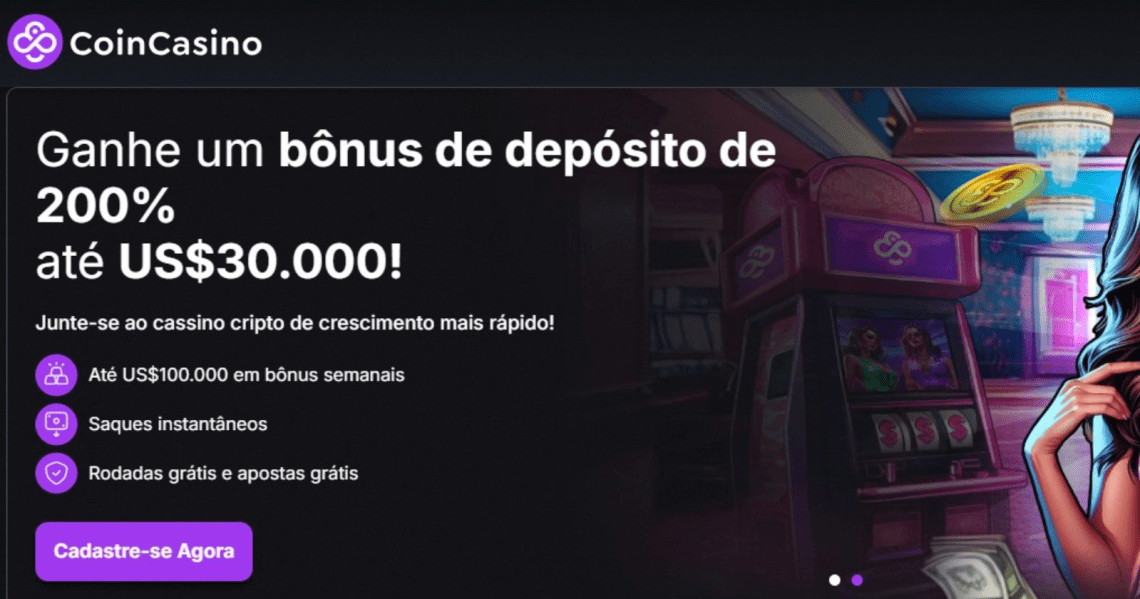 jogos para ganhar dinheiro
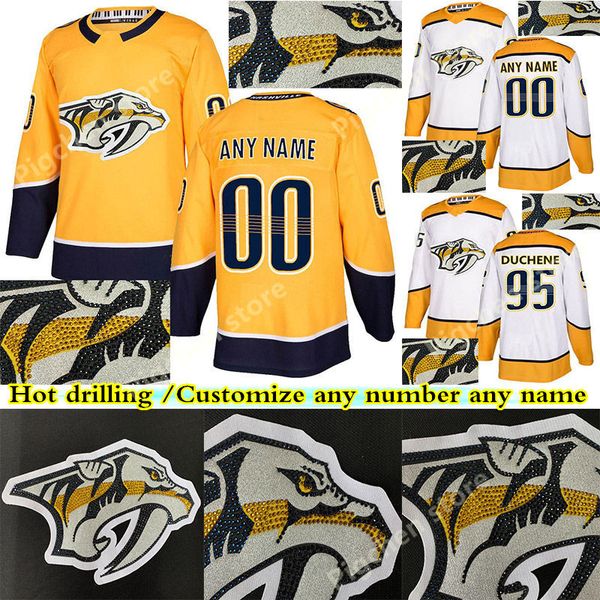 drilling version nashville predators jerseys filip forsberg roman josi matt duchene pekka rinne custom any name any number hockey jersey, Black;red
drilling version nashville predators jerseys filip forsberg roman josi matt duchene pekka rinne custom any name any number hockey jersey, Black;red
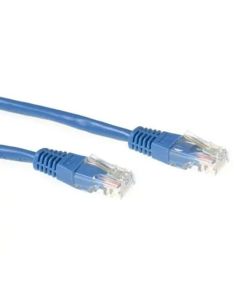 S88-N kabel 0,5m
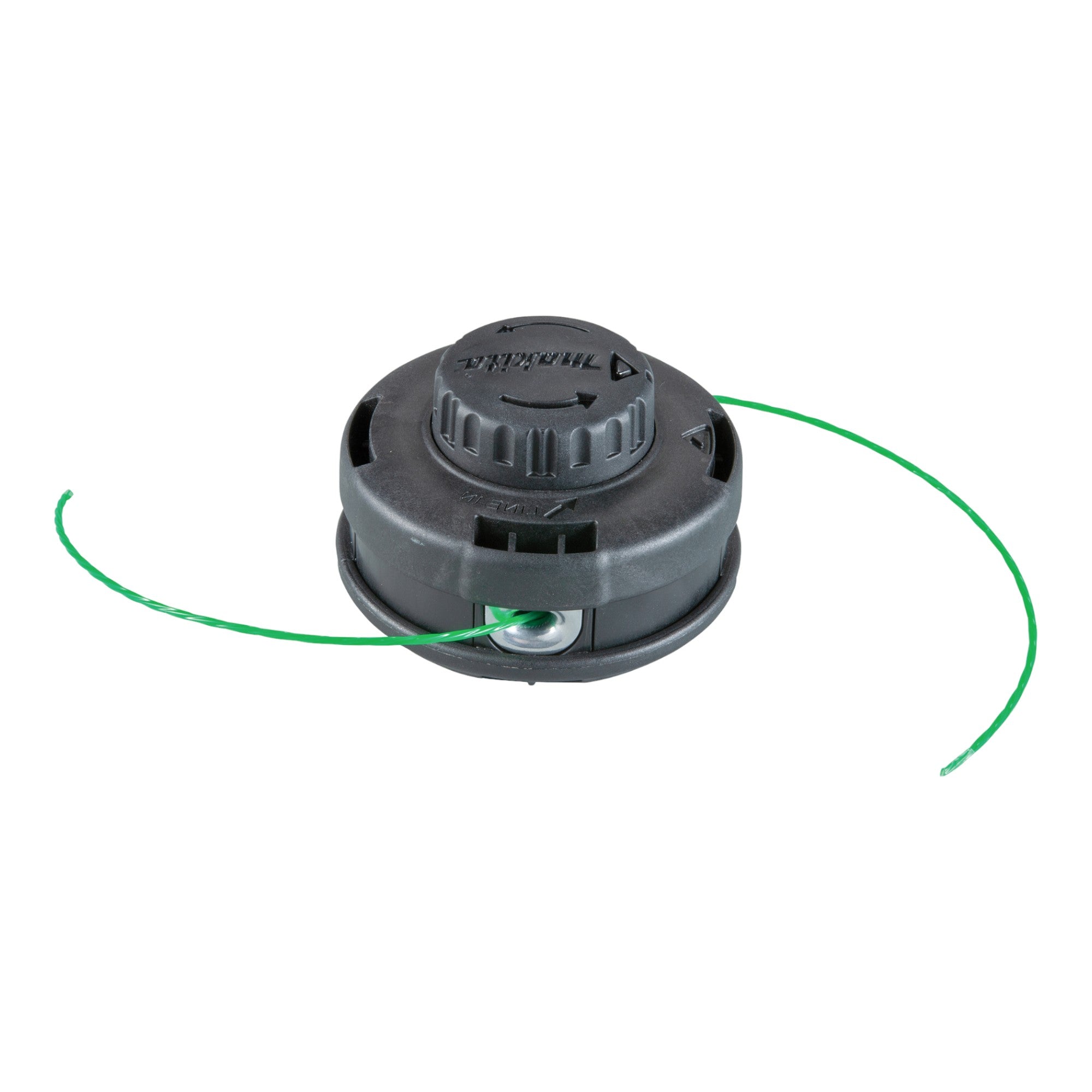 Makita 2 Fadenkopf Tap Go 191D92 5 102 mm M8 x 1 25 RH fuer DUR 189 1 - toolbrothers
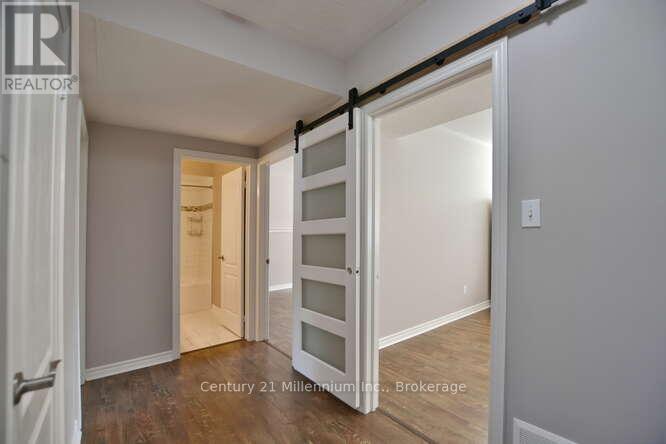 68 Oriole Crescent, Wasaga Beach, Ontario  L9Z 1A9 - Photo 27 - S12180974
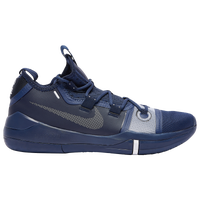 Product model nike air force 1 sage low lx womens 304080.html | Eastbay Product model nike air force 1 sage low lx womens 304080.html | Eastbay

::::

Reproduce every line above word for word; no images.

**Answer to this problem:**
 jogos para ganhar dinheiro
 drilling version nashville predators jerseys filip forsberg roman josi matt duchene pekka rinne custom any name any number hockey jersey, Black;red
drilling version nashville predators jerseys filip forsberg roman josi matt duchene pekka rinne custom any name any number hockey jersey, Black;red
 S88-N kabel 0,5m
 Makita 2 Fadenkopf Tap Go 191D92 5 102 mm M8 x 1 25 RH fuer DUR 189 1 - toolbrothers
 68 Oriole Crescent, Wasaga Beach, Ontario  L9Z 1A9 - Photo 27 - S12180974
 Product model nike air force 1 sage low lx womens 304080.html | Eastbay Product model nike air force 1 sage low lx womens 304080.html | Eastbay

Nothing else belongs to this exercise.